The publication of Reading Paradise Lost by David Hopkins provides non-Renaissance literature professionals the opportunity to learn what specialists have known for many years: David Hopkins is not only a meticulous scholar but also one of the finest teachers in the profession. Reading Paradise Lost is the latest offering in the Reading Poetry series produced by Blackwell. The stated purpose of these slender yet informative volumes is to draw upon “the pedagogical expertise of the most esteemed critics in the field” and “to make poetry accessible to a diversity of readers” (ii). Hopkin’s direct and yet sophisticated treatment of John Milton’s (1608–1674) epic successfully fulfills both of these expectations but also offers far more. This is not merely a guided tour of the poem. Hopkins provides a strong polemic and plea for the reassertion of many older and discarded practices of reading Paradise Lost (1674) and calls for a rejection of certain common critical assumptions about the poem. His clearly evident and well-crafted conservative argument pervades this “guide.”

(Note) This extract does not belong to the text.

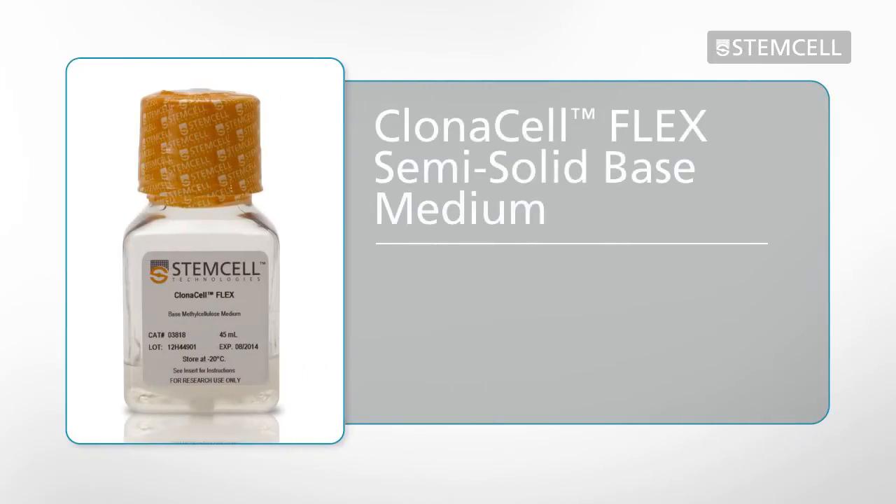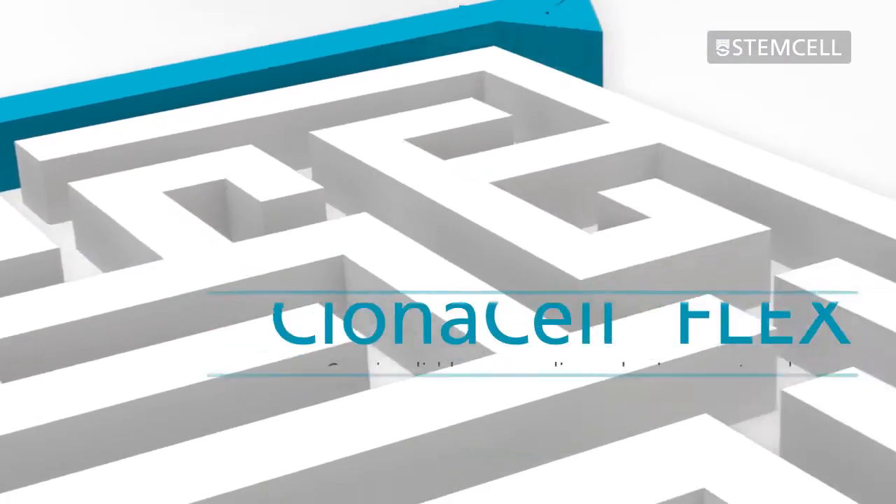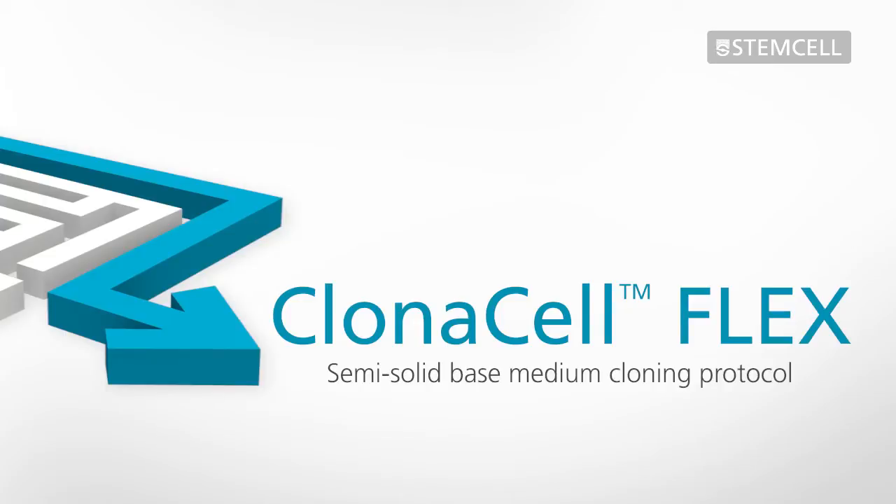ClonaCell Flex Semi-Solid Base Medium is designed for cloning a wide variety of cell types. By adding a 2x concentrate of your own liquid cell culture media, you can create a semi-solid cloning medium customized to your own cells and processes. This video describes the semi-solid cloning protocol using ClonaCell Flex Semi-Solid Base Medium.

Hopkin’s critical approach lines up with what many scholars are calling “new aestheticism;” which is to say, readers should never forget that a poem is, first and foremost, a poem. His thesis is simple: “Paradise Lost is a narrative poem, not a work of theology, or philosophy, or political polemic, and that it works on readers’ minds according to the laws and procedures of narrative poetry, not according to those which govern the other kinds [End Page 85] of discourse” (1). He contends that bad readings of the poem often spring from losing sight of the above. After providing a thorough discussion of the historical critical reception of Paradise Lost, Hopkins highlights that early critics of the poem did not consider the poem a “problem” to be solved nor did they see the necessity to evaluate the success or failure of Milton’s “argument.” According to Hopkins, critics of the seventeenth and eighteenth-centuries chiefly praised the poem for the following: “It achieves its objective of ‘justifying the ways of God to men’ not by deductive reasoning or theological dogma, but by conducting us through an experimental process which conveys to us both the goodness of the divine dispensation which it imagines, and the perils of rejecting that dispensation”(6). Although this general view of Milton was once the norm, nineteenth-century critics redirected the focus of the poem because “Paradise Lost contains, at various moments arguments that are close to those of philosophy or theology” (6). Hopkin’s insists that this tendency to approach the poem as if it were “theology” or “philosophy” has led to multiple mis-readings of the poem and that many of these assumptions have been passed on from one generation of critics to the next without being properly vetted and questioned. According to Hopkins, some commentators have moved “from talking about Milton’s ideas and arguments as they are presented in the poem into discussing them as if they were independent entities, abstractable form the ‘progress of the fable and the tenor of the dialogue’” (6).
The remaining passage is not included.